Dutch coup for Cooper
TOM COOPER has already played international cricket in the orange of the Netherlands, but it is the green and gold for which he yearns.
Cooper, 23, from Corndale, turned out for the Dutch in the World Cricket League Division 1 tournament to prepare for his assignment for South Australia in the Twenty20 Champions League being played in South Africa.
It is his mother Bernadine to whom Cooper owes his initiation into international cricket.
Mrs Cooper was born in the Dutch East Indies to an Indonesian mother and Dutch father who was on a tour of duty with the Dutch air force after World War II.
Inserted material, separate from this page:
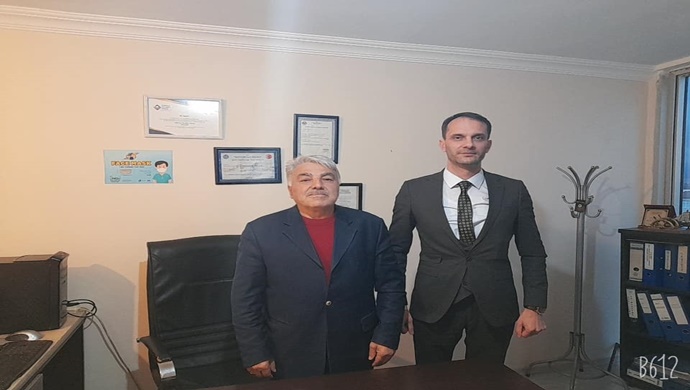 MUSTAFA SUNGUR ÜLGER `DEN MUSTAFA GAYRAN `A ZİYARET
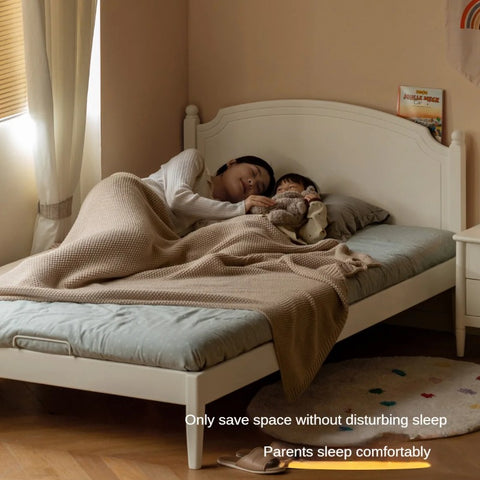 Rubber Wood  Children's Bed American Cream Style.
This heritage makes Tom eligible for a Dutch passport and so came his representation.
And what a debut on the international scene.
Turning out for the Dutch against six other non Test-playing nations in a second-tier limited-overs tournament in Europe, Cooper belted 589 runs in 10 innings.
His 101 and 96 against Afghanistan, 87 and 80 not out against Scotland and 60s against Ireland and Kenya were enough to earn Cooper player of the tournament honours in his first foray in international cricket.
But it was a long time coming.
Cooper played Under-19s for Australia back in 2005-06 and ICC rules state that a cricketer who wants to switch allegiance from a Test-playing nation to a non-Test-playing nation must wait four years.
But just like Victoria Bushrangers quick, Dirk Nannes, who represented the Netherlands in the 2009 ICC World Twenty20, Cooper is free to switch his allegiance back to Australia at any time if selected.
Although unseen, even in Australia A colours, Cooper must be starting to make an appearance on the national selectors’ radar.
Continued good form in the Champions League can’t hurt, but it is in the South Australia Redbacks colours in Australia that Cooper must make his mark.
His father Barry, principal at Modanville Public School, near Lismore, follows Cooper’s progress every step of the way but reckons a call-up to the Australian national side is unrealistic at this point.
“I do think it is a long way off,” he said.
“But if he comes home and smashes a couple of hundreds for South Australia in front of the selectors, who knows?”
And the Netherlands selectors can look forward to another Corndale-grown cricketer entering their ranks.
Cooper’s brother Ben, 17, shows all the signs Tom did as a teenager and will get hold of a Dutch passport very soon.
Let’s just hope they return and play for Australia.